Interior with Phonograph, 1924 by Henri Matisse
Sometimes titled Still Life with Raised Curtain, certainly a more complete and focused description of the subject, this muted, sunlit interior provides a striking contrast to the monumental studio paintings of 1911. Once again the studio is empty of people, the model(s) dismissed. Only the artist is present, in a slight mirror image in the distance, visible just at the point where the curtain, employed to different effect in Moorish Screen, has been gathered up. There the fully spread curtain served as a foil for the two conversing models; here it is employed with a Vermeer-like intent of providing a picture within a picture. The theme, which in Matisse's art dates from the mid-1890s and which, even then, was at least partly derived from his study of the Dutch petits mattres, has never before been given us with such graceful, nuanced clarity. Diagram-matically the composition is a reversal of Love Letter by Johannes Vermeer. However, the light sources are complex: not only is there the light from the implied window at the left (whose panes cast their grid of shadows on the opposite wall at the right), but also the light from the window of the room in the distance, through which is framed still another view. It seems that Matisse never flagged in finding new variants of this key motif, a component of his repeated studio allegory. The still life in the foreground, consisting of a pineapple, some oranges and lemons, a flowered china bottle, and a vase of flowers, is set off by a red-and-white-striped cloth. Compared with the centerpiece of Still Life with Aubergines, this is another sort of luxurious opulence.

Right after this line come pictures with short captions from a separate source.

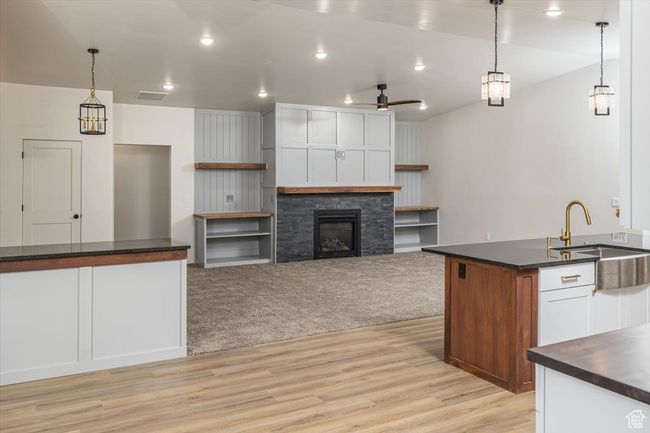 Kitchen with ceiling fan, sink, pendant lighting, a fireplace, and white cabinets | Image 12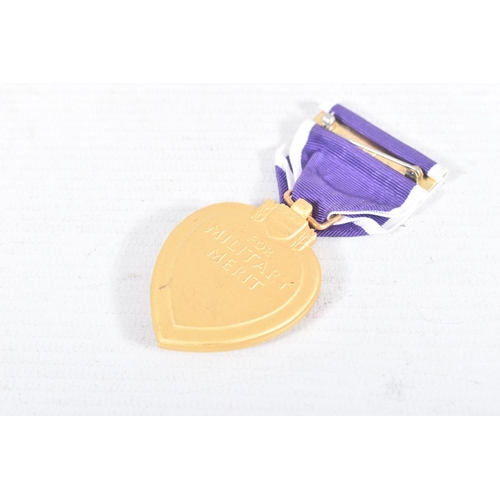 228 - A MIXED PARCEL OF MEDALS FROM VARIOUS COUNTRIES to include an unnamed Purple Heart, an Order Of Beni... 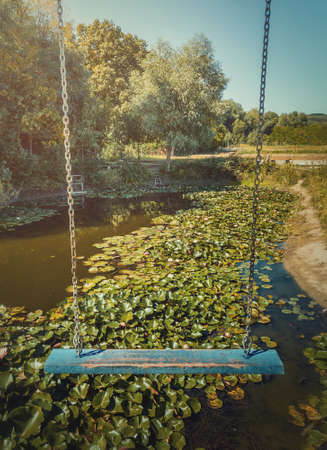 Vertical photo of a vintage blue swing hanging over a pond with blooming waterlily, lotus flowers. Vacation travel, natural background at the lake recreation concept, at Bardar village, Moldova.の写真素材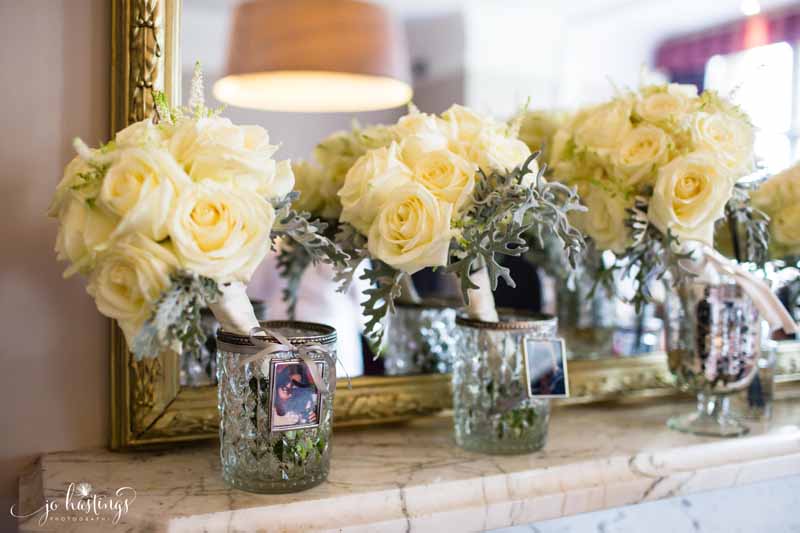 Cream rose bouquets with dusty miller in crystal vases with bridesmaids photos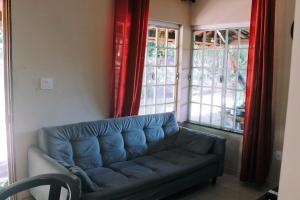 a living room with a blue couch in front of windows at Casa temporada na praia Joia do Atlântico - Ilhéus - Ba in Ilhéus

The play of the yellow lemons against the bronze tray and the pale yellow-orange hues of the pineapple is indicative of the artist's refined sensibility in search of ever different adventures in color. The powerful, muscular color contrasts of the Fauve period here give way to a restful adagio of discreetly matched rather than opposed hues. Notable also is the way in which the vase is here outlined in white, whereas in paintings of a more intense palette black was sometimes used to support the structure of objects. There may be an overall sense of nostalgia in this picture, but there is no question of Matisse returning to an earlier style; there is nothing comparable to this painting, though much that is parallel, in the range of his earlier work.